As the COVID-19 crisis continues, policy makers wonder what sort of world we shall inherit once it’s over. There is no doubt we should change our approach when dealing with the Peoples Republic of China. We have to focus in particular on means of tackling their use of diplomatic extortion via so called ‘hostage diplomacy’.
The actions of the Chinese Communist Party, in the lead up to this global epidemic, are well documented: from the lies about the official figures, camouflaging evidences and silencing of whistle-blowers, to the fact that they simply didn’t act swiftly enough to halt the spread around the rest of the world. Such attitude is well known to me, a person from Central Europe, and reminds me the way the Soviet communists tried to cover up the Chernobyl disaster. Such mismanagement is inescapable in a Communist system, staffed by ‘Yes Men’ who’s first instinct is to lie and deny any problems as they have neither the courage nor competency to move quickly in tackling disasters.
Over-dependence on the PRC has proven to be a strategic blunder on the part of Western countries. My very first initiative at the beginning of this term as a Member of the European Parliament was to draw attention of the European Commission to the problem. In my intervention I pointed out that more than 60% of the active ingredients in medicines are produced outside the EU, mainly in China, and these critical supplies are increasingly exposed to risk. Recent events have proved that critical sectors of our economies can no longer be dependent on the red Chinese dragon. It is clear that an economic realignment is needed – including looking for friendlier and more reliable trading partners.
The Western World is starting to realise that for too long they have given the Peoples Republic of China the benefit of the doubt, and the Communists have abused it. Perhaps the worst case of this is the issue of the status of the Republic of China (Taiwan). Moreover, the last year has shown that Beijing’s bullying tactics against its neighbours are now being deployed worldwide, also against the West, which has continued to approach the issue with a great deal of ambiguity. Whilst formally recognising the ‘One China Policy’, many Western countries still maintain unofficial offices of representation in Taipei. Likewise, the Taiwanese government maintains offices in most countries around the world. These quasi-diplomatic links have laid out a path for more formal arrangements in the future.

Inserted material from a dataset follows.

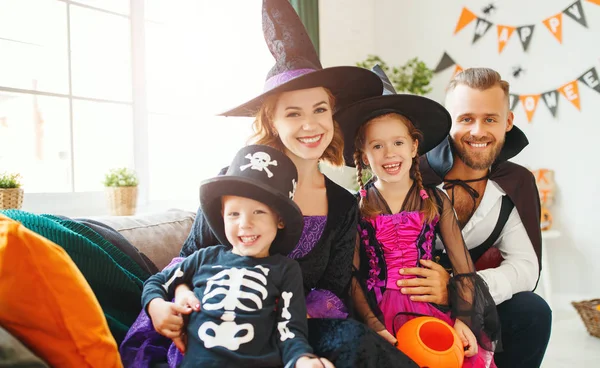 Boldog család anya apa és a gyerekek a Halloween jelmez — Stock Fotó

Although full recognition of Taiwanese independence for many practical reasons is a long way off, economic cooperation could easily be enhanced. Taiwan not only shares our democratic values, but also has a stable industrial base from which to build on. Enhancing trade relations between the West and Taiwan would serve to reduce dependence on Communist China and uphold economic links with this part of the world. Equally, there are some areas in which official recognition of Taiwan could be beneficial to both parties, such as giving the island its own seat on the World Health Organisation. This could perhaps be a term for the United States to begin refunding the WHO, after President Trump pulled American financial support from the institution last week.
A cross-party letter recently circulated around the European Parliament in Brussels has gained support of more than 100 Members spanning across Europe. It calls for recognition of Taiwan by the WHO, a move that is particularly important in these challenging times.
On a larger scale, China has applied the same diplomatic extortion to international politics with Taiwan. Any attempt to recognise Taiwan is met with economic threats. Many smaller countries in Latin America and the Pacific Islands have faced tough sanctions for their continued recognition of Taiwan. Last year both Kiribati and the Solomon Islands severed ties with Taiwan amidst mounting diplomatic pressure from China.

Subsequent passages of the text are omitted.